- Source
- Escherichia coli.
- Molecular Weight
- Approximately 46.3 kDa, non-disulfide-linked homodimer consisting of two 206 amino acid polypeptide chains.
- AA Sequence
- MQHYLHIRPA PSDNLPLVDL IEHPDPIFDP KEKDLNETLL RSLLGGHYDP GFMATSPPED RPGGGGGAAG GAEDLAELDQ LLRQRPSGAM PSEIKGLEFS EGLAQGKKQR LSKKLRRKLQ MWLWSQTFCP VLYAWNDLGS RFWPRYVKVG SCFSKRSCSV PEGMVCKPSK SVHLTVLRWR CQRRGGQRCG WIPIQYPIIS ECKCSC
- Purity
- > 95 % by SDS-PAGE and HPLC analyses.
- Biological Activity
- Fully biologically active when compared to standard. The ED50 as determined by inhibiting BMP-4-induced alkaline phosphatase production of murine ATDC5 cells is less than 3.0 ng/ml, corresponding to a specific activity of > 3.3 × 105 IU/mg in the presence of 5 ng/ml rHuBMP-4.
- Physical Appearance
- Sterile Filtered White lyophilized (freeze-dried) powder.
- Formulation
- Lyophilized from a 0.2 μm filtered concentrated solution in 30 % acetonitrile, 0.1 % TFA.
- Endotoxin
- Less than 1 EU/μg of rHuNoggin as determined by LAL method.
- Reconstitution
- We recommend that this vial be briefly centrifuged prior to opening to bring the contents to the bottom. Reconstitute in 10mM HCl to a concentration of 0.1-1.0 mg/mL. Stock solutions should be apportioned into working aliquots and stored at ≤ -20 °C. Further dilutions should be made in appropriate buffered solutions.
- Stability & Storage
- Use a manual defrost freezer and avoid repeated freeze-thaw cycles.
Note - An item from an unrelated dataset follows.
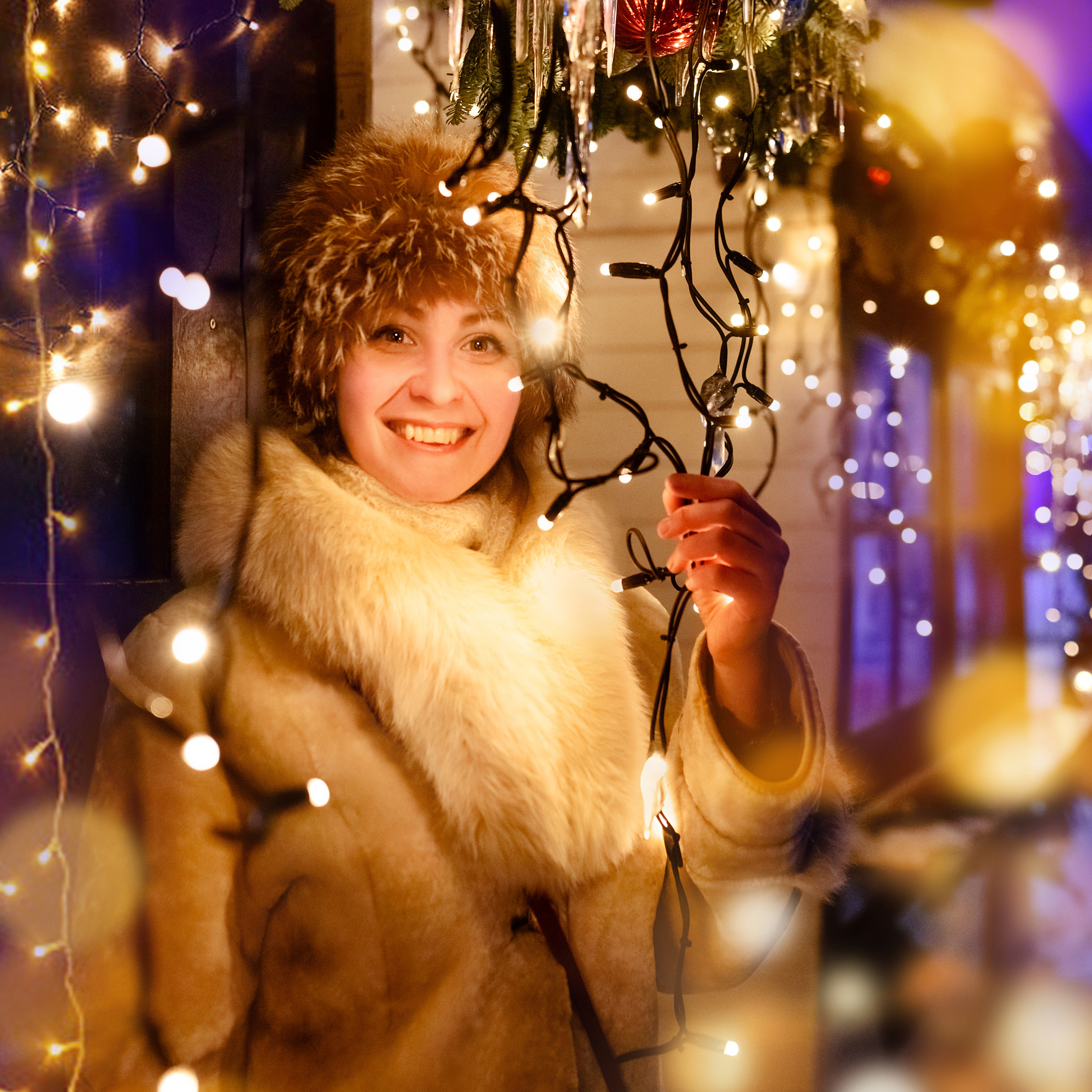 Семейная новогодняя фотосессия на улице. Фотографы в Орле Шестопаловы Юлия и Юрий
- 12 months from date of receipt, -20 to -70 °C as supplied.
- 1 month, 2 to 8 °C under sterile conditions after reconstitution.
- 3 months, -20 to -70 °C under sterile conditions after reconstitution.
- Usage
- This material is offered by Shanghai PrimeGene Bio-Tech for research, laboratory or further evaluation purposes. NOT FOR HUMAN USE.
- Reference
- 1. Davis SWandCamper SA. 2007. Dev Biol, 305: 145-60.
2. Zhu W, Kim J, Cheng C, et al. 2006. Bone, 39: 61-71.
3. Oxley CD, Rashid R, Goudie DR, et al. 2008. Horm Res, 69: 221-6.
4. Bayramov AV, Eroshkin FM, Martynova NY, et al. 2011. Development, 138: 5345-56.
5. Secondini C, Wetterwald A, Schwaninger R, et al. 2011. PLoS One, 6: e16078.
- Background
- Noggin encoded by the NOG gene, was first isolated from Xenopus, having the function of inducing secondary axis formation in frog embryos. It inhibits TGF-β family ligands and preventing them from binding to their corresponding receptors. Noggin was originally found as a BMP-4 antagonist, and then has been shown to modulate the activities of other BMPs (BMP-2, 7, 13 and 14). Additionally, it has pleiotropic effect, both in early development and later stages. The results of the mouse knockout of noggin suggest that it is involved in numerous developmental processes, such as neural tube fusion and joint formation. In recent report, proximal symphalangism (SYM1) and multiple synostoses syndrome (SYNS1) have relation with the mutant of evolutionarily conserved amino acid residues of Noggin. Mature human Noggin shares 99 %, 99 %, 98 %, 97 % and 89 % a.a. sequence identity with mouse, rat, bovine, equine and chicken Noggin, respectively.